1. Introduction
As urbanization gains traction, illegal land occupation is becoming increasingly prominent. Consequently, newly constructed land has become a key subject of supervision and regulation in land development. To effectively improve the monitoring capacity of natural resources and achieve the “early detection and early prevention” goal of natural resource management against illegal land occupation, remote sensing image change detection technology is urgently needed to extract the features pertaining to changes in the development of different types of constructed land. According to the classification system in the land use change surveys, new bare land is among the most significant forms of change in constructed land, where a certain land type is converted from its vegetated or natural state into cleared land for construction. Therefore, obtaining automatic and accurate regional and even national data on land development changes is crucial for natural resource management.

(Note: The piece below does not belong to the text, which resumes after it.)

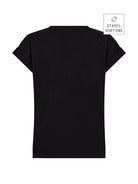 NÜ Denmark top CATHLIN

Remote sensing change detection is the process of determining changes in land coverage based on multiple satellite images at different points in time to obtain accurate real-time information. Change detection methods for remote sensing images are mainly divided into two major categories: traditional and deep learning methods. Traditional methods can be divided into image differencing and feature-based and target-driven change detection. These traditional change detection methods have limitations such as the inability to eliminate manual intervention and low levels of automation, and they are easily affected by changes in imaging conditions, image acquisition time, image matching quality, and noise, which render the change detection results unsatisfactory. With the gradual expansion of deep learning in the field of remote sensing, the power of neural networks in feature selection and fitting has generated new ideas for image change detection tasks. Since the introduction of AlexNet [
1] in 2012, convolutional neural networks (CNN) with enhanced structure and performance have been launched every year, such as Visual Geometry Group (VGG) [
2], GoogLeNet [
3], fully convolutional networks (FCNs) [
4], U-Net [
5], Residual Network (ResNet) [
6], and Efficientnet [
7]. Many deep learning methods for change detection have been derived based on these networks. As deep learning-based image change detection can autonomously identify high-dimensional features reflected in the changed regions of the image without human intervention, it is the mainstream method today.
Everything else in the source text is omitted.